Products made from agricultural waste material — A number of products are included because they are derived from agricultural waste products. Most of these are made from straw—the stems left after harvesting cereal grains. Citrus oil, a waste product from orange and lemon juice extraction, is also used in some green products, but such products usually include other agricultural oils as well and are lumped under rapidly renewable products.

Minimally processed products Products that are minimally processed can be green because of low energy use and low risk of chemical releases during manufacture. These can include wood products, agricultural or non-agricultural plant products, and mineral products such as natural stone and slate shingles.

Products That Are Green Because of What Isn’t There! Some building products are considered green because they allow material savings elsewhere or because they are alternatives to conventional products made from chemicals considered problematic. a few product components were singled out for avoidance in most cases: substances that deplete stratospheric ozone, CCA wood preservative, polyvinyl chloride (PVC), and polycarbonate. In a few cases, these substances may be included in a “green” product, but that product has to have significant environmental benefits (for example, high post-consumer recycled content). These material-saving products and substitutes for products made with environmentally hazardous components may not, in themselves, be particularly green (i.e., they may be petrochemical-based or relatively high in VOCs), but relative to the products being replaced or because they allow material savings elsewhere, they can be considered green. Most of the products satisfying this criterion are in categories that are dominated by the more harmful products., where vinyl (PVC) products account for the vast majority of the market.

Alternatives to products made from PVC and polycarbonate — Most PVC products are over 40% chlorine by weight, and hazardous chlorinated hydrocarbons, such as dioxins, can be produced during incineration or as by-products. Polycarbonate contains Bisphenol A, a recently targeted health hazard, and its manufacture involves various toxic intermediaries.

Alternatives to conventional pre-servative-treated wood — CCA-treated wood poses significant environmental risk during disposal Pentachlorophenol (penta) and creosote are considered carcinogens.

Products That Reduce Environmental Impacts During Construction, Renovation, or Demolition Some building products produce their environmental benefits by avoiding pollution or other environmental impacts during construction, renovation, or demolition. While a fairly small category in terms of the number of products satisfying the criterion, it is nonetheless important.

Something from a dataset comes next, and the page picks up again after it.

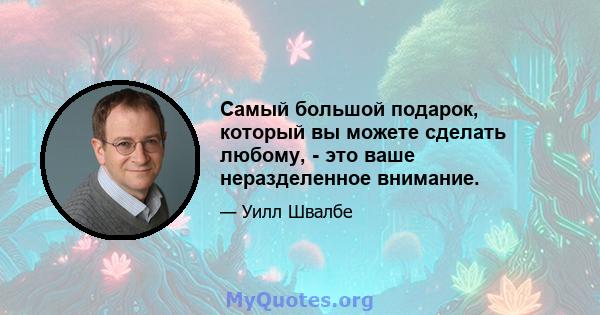 Самый большой подарок, который вы можете сделать любому, - это ваше неразделенное внимание.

Products that reduce the impacts of new construction — Included here are various erosion-control products, foundation products that eliminate the need for excavation, and exterior stains that result in lower VOC emissions into the atmosphere.

Products that reduce the impacts of renovation — Access flooring components and leased carpeting minimize environmental impacts during reconfiguration of work spaces (renovation).

Products That Reduce Environmental Impacts of Building Operation The ongoing environmental impacts that result from operating a building often far outweigh the impacts associated with building it.

Products That Contribute to a Safe, Healthy Indoor Environment Buildings should be healthy to live or work in, and product selection is a significant determinant of indoor environment quality. Green building products that help to ensure a healthy indoor environment can be separated into categories such as: Products that don’t release significant pollutants into the building. Included here are zero- and low-VOC paints, caulks, and adhesives, as well as products with very low emissions, such as non-formaldehyde manufactured wood products.